Lot 51
  • 51

The Carracci Family Workshop, probably the Young Annibale Carracci (Bologna 1560 - 1609 Rome)

Estimate
400,000 - 600,000 USD
bidding is closed

Description

  • Head of an old woman looking down to the right
  • oil on paper which has been extensively inscribed, laid on panel

Provenance

With P. & D. Colnaghi, Ltd., London, by 1965;
Cyril Humphris, Goleta, California, until 1995;
By whom sold ('Property from the Cyril Humphris Collection'), New York, Sotheby's, 12 January 1995, lot 44 (as Attributed to Annibale Carracci);
There purchased by the present collector.

Exhibited

London, P. & D. Colnaghi Ltd., Old Master Drawings, June - July 1965, no. 66 (as Annibale Carracci).

Condition

The following condition report has been provided by Simon Parkes of Simon Parkes Art Conservation, Inc. 502 East 74th St. New York, NY 212-734-3920, simonparkes@msn.com, an independent restorer who is not an employee of Sotheby's. This work on inscribed paper has been mounted onto a wooden panel. The wooden support may not be period, although it certainly has been in place for many years. A section of wood about three quarters of an inch wide has been added down the right edge to extend the picture slightly. This does not seem to be an original extension. There are a few cracks and tiny losses here and there. Under ultraviolet light, there seems to be a spot or two of retouching in the upper left background, a spot in the center right and a spot in the lower right. There do not seem to be any retouches at all in the face. The varnish is slightly uneven, and although the panel is a little wavy and there are slight inconsistencies to the paper on the surface, there is no real instability or reason to consider re-examining the support. In theory, one could clean and retouch the painting; however, a fresh varnish would be preferable, and a couple of small retouches in the side of the nose and cheek to eliminate the most noticeable losses would suffice.
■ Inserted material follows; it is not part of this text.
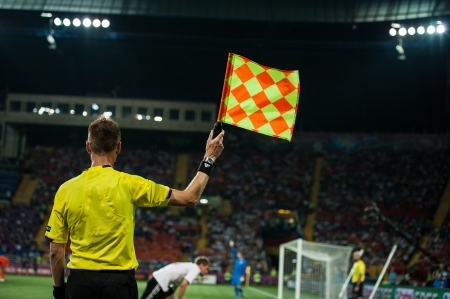 KHARKIV, UKRAINE - JUNE 08  Netherlands vs Denmark in action during football match in European soccer league  0 1 , June 08, 2012 in Kharkov, Ukraineのeditorial素材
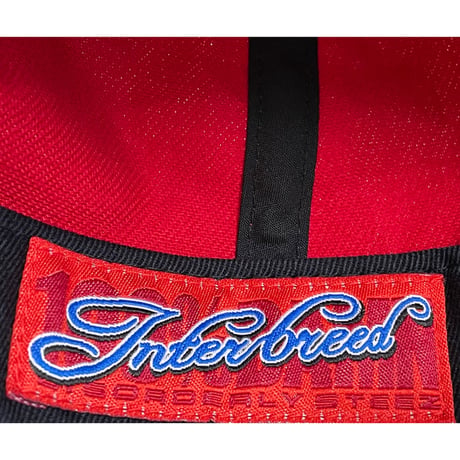 INTERBREED Do the Right Thing スナップバックキャップ レッド×ブラック Fサイズ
The painting is in beautiful condition.
"This lot is offered for sale subject to Sotheby's Conditions of Business, which are available on request and printed in Sotheby's sale catalogues. The independent reports contained in this document are provided for prospective bidders' information only and without warranty by Sotheby's or the Seller."

Catalogue Note

This fascinating painting belongs to a small group of informal portrait studies attributed to Annibale Carracci and his family, most of which were executed on sheets of paper laid down on canvas or panel at an early date. The paper appears to be recycled from a ledger or account book of some kind but is unlikely to be from the same book in all cases: the line spacing and handwriting differ considerably from the paper of one sketch to another. Scholarly opinion is divided over the authorship of the various works in the group but what does seem clear is that even though a number of paintings are executed on similar paper, they are not necessarily by the same hand. Of the paintings that have come to light over the years only three are unanimously accepted as autograph: the Portrait of an Old Woman in a London private collection (ex-Locko Park, see fig. 1); the Portrait of an Old Woman in Profile in the Fitzwilliam Museum, Cambridge; the Portrait of a Bearded Old Man formerly in the Ganz collection, later with Luca Baroni Ltd., and now in a private collection. Aidan Weston-Lewis considers the present painting to be autograph and believes that it comes second only to the London Portrait of an Old Woman in terms of quality. Although their handling can, at first, seem quite different, the latter painting is more worked up whilst the portrait being presented here is extremely sketchy and must have been executed in a very short space of time. Further paintings belonging to the group include a Portrait of a Bearded Man which was offered for sale at Dorotheum, Vienna, 13 April 2011, lot 440, with a full attribution to Annibale (though it is clearly of inferior quality, and was indeed unsold). That sketch was painted on a similar sheet of paper as the present work and the date 1539 is clearly visible along the paper's margin. A further example, showing a Portrait of a Monk, is in the collection at Burghley House in Stamford. Whilst not attributable to Annibale himself in terms of quality, it is certainly Carraccesque and must have been executed in his workshop. The writing on the paper in the Burghley picture is clearly visible upper left and right, where the paint layers are absent.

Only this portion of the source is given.